Эдип не верит в предсказания Тиресия, потому что у него нет никаких оснований считать себя виновным в смерти Лаия. Весь трагизм положения Эдипа состоит в том, что его прошлое и будущее скрыты от него и он собственными, вполне разумными действиями подводит себя к раскрытию страшной тайны. Перед Креонтом нет никакой тайны: все, что он делает, направлено против бесспорных божественных заповедей. Эдип упорствует в своем роковом расследовании и не слушается советов людей, раньше него понявших правду, — в этой непримиримости он раскрывает величие человека, готового любой ценой открыть истину. Креонт упорствует в проведении заведомо ошибочной политики, но, устрашенный грозными пророчествами, уступает. Отправляясь хоронить Полиника, он определяет свои действия глаголом παρεικαθειν (1102) — «совсем уступить», усиленным производным от глагола εικει, с помощью которого его пытались вразумить Гемон и Тиресий (713, 716, 718, 1029).

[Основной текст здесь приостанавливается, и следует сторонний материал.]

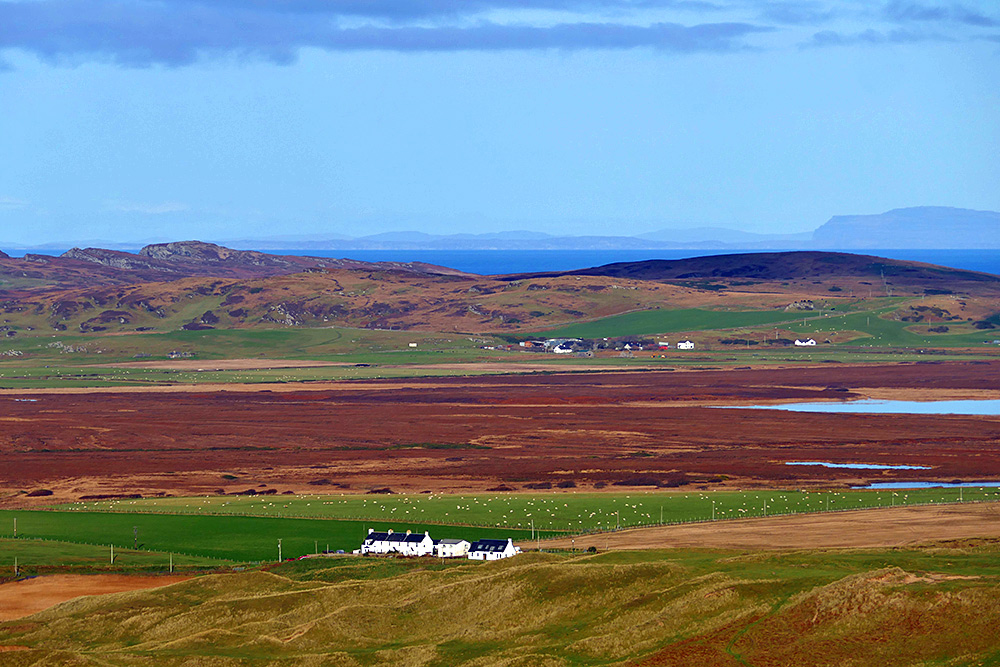Picture of a rural landscape on an island with a row of houses and a small farming settlement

С наибольшей полнотой негероический характер Креонта раскрывается в его финальном коммосе.
Антигона, при всей искренности ее жалоб, при всех сомнениях в справедливости покинувших ее богов, была уверена в правильности своего пути. Смерть настигает ее несломленной, и самоубийство Антигоны доказывает только, что этот мир — не для героической личности.

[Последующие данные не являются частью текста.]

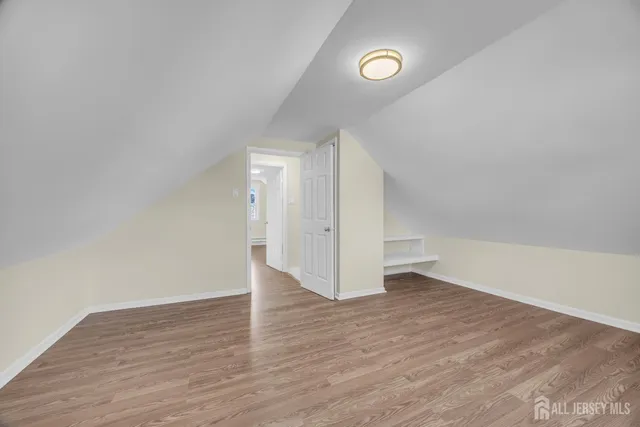 a view of an empty room with wooden floor and closet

Креонт испытывает не меньшее потрясение, чем Антигона, становясь свидетелем гибели сына и застав в доме труп проклявшей его жены. Какой истинно трагический герой не вонзил бы себе при этом меч в сердце? У Креонта же хватает сил только на стоны и жалобы («Почему же никто не нанесет мне удара обоюдоострым мечом?» — 1307 сл.) и призывы к смерти: «Приди, приди, явись… мой последний день! Приди, приди, чтобы не видеть мне больше дневного света!» (1328–1333). Однако сознавая за собой проступки, стоившие жизни близким, сам Креонт тем не менее не решается произнести над собой свой последний суд.
Из античных источников мы знаем, что роль Креонта поручалась так называемому тритагонисту, т. е. наименее сильному из трех актеров, использовавшихся в трагедиях древнегреческих авторов. Казалось бы, явный парадокс: роль персонажа, произносящего около 350 стихов — более четверти всего текста — и находящегося на орхестре с момента своего первого выхода чуть ли не до конца пьесы[108], роль персонажа, в котором не один современный исследователь готов видеть подлинного трагического героя, — эту роль греки поручали третьестепенному исполнителю! Между тем никакой погрешности древних перед художественным вкусом здесь нет: актеру легче произнести полдюжины длинных, ни к чему не обязывающих монологов, нем вложить всю душу в какие-нибудь 20 стихов, содержащих жизненное кредо или подводящих итог короткой, но славной жизни отважной дочери Эдипа.